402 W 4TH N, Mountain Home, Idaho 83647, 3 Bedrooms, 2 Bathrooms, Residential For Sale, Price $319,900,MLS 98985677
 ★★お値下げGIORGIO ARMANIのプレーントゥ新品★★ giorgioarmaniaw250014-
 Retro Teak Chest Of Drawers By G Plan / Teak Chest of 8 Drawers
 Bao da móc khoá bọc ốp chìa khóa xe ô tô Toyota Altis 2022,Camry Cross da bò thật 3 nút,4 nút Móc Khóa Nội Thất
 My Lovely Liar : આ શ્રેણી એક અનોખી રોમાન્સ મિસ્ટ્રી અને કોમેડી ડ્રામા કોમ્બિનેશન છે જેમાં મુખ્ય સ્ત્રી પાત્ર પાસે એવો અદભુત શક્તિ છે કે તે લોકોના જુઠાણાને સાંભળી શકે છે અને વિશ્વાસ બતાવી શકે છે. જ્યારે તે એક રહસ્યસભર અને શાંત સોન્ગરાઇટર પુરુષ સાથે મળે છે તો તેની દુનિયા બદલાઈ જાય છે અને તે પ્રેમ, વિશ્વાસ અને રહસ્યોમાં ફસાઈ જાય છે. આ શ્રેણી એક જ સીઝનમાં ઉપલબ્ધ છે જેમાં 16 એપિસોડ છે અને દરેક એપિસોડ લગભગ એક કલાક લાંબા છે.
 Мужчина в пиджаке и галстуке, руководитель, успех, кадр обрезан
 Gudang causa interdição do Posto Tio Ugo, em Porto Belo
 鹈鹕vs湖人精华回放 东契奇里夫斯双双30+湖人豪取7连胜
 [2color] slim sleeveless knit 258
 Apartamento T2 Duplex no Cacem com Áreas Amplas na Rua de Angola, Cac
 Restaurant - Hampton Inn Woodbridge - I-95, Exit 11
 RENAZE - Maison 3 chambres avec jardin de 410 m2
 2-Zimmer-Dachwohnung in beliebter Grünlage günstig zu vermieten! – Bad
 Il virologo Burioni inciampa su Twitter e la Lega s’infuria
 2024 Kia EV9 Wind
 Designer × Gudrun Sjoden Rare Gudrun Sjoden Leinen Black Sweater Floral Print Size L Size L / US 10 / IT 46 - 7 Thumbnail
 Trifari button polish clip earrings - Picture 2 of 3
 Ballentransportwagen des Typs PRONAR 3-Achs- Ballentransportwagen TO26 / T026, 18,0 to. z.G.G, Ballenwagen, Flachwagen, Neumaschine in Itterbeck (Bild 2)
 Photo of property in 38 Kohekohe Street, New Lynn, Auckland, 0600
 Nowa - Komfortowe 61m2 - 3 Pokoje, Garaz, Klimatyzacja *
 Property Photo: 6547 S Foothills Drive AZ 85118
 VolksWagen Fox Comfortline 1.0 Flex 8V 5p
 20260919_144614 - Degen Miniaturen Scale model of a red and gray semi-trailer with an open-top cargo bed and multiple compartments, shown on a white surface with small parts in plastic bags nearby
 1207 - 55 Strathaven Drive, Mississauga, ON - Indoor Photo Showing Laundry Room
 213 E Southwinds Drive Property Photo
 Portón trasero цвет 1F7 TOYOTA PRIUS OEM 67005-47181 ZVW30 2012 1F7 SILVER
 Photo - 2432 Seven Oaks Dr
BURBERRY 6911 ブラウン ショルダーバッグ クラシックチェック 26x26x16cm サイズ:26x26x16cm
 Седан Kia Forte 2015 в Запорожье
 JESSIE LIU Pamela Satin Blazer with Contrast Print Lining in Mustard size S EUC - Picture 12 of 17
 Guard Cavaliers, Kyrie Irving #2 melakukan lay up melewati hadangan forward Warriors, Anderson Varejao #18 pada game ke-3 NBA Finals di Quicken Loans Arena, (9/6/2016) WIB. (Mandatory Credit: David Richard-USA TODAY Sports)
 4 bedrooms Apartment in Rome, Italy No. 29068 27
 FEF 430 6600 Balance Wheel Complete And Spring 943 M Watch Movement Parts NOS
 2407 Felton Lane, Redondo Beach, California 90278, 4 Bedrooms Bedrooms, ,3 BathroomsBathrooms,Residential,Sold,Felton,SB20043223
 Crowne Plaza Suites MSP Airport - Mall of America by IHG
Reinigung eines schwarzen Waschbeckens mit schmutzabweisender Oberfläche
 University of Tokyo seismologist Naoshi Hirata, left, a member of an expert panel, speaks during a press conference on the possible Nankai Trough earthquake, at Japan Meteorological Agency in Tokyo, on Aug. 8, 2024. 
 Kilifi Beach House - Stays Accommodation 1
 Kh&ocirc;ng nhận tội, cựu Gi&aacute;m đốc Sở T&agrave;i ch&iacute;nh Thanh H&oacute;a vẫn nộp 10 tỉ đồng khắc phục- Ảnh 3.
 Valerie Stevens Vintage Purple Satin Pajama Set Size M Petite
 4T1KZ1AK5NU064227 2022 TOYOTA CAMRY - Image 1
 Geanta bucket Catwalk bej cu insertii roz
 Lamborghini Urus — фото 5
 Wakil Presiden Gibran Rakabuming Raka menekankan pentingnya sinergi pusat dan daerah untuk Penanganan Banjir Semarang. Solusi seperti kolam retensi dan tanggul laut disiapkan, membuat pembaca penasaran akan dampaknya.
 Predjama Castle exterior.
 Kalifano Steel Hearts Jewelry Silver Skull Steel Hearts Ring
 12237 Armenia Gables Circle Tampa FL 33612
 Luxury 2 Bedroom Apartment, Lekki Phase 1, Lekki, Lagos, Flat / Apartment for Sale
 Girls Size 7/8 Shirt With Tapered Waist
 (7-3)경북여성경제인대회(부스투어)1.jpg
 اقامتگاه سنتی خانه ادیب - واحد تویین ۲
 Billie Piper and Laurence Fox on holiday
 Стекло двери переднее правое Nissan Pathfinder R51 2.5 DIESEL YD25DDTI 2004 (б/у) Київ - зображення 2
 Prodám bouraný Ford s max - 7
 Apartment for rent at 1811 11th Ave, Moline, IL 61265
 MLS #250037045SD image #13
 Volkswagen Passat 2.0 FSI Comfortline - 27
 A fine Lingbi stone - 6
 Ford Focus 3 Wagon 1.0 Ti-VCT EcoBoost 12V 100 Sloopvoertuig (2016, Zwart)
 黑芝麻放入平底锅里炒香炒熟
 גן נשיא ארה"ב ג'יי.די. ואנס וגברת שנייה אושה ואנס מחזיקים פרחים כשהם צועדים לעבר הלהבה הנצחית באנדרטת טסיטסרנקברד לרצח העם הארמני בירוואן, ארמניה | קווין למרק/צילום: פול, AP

Task to complete: Scan the lines above, and whenever one holds the string "Apartment", copy it.

The completed task:
 4 bedrooms Apartment in Rome, Italy No. 29068 27
 Luxury 2 Bedroom Apartment, Lekki Phase 1, Lekki, Lagos, Flat / Apartment for Sale
 Apartment for rent at 1811 11th Ave, Moline, IL 61265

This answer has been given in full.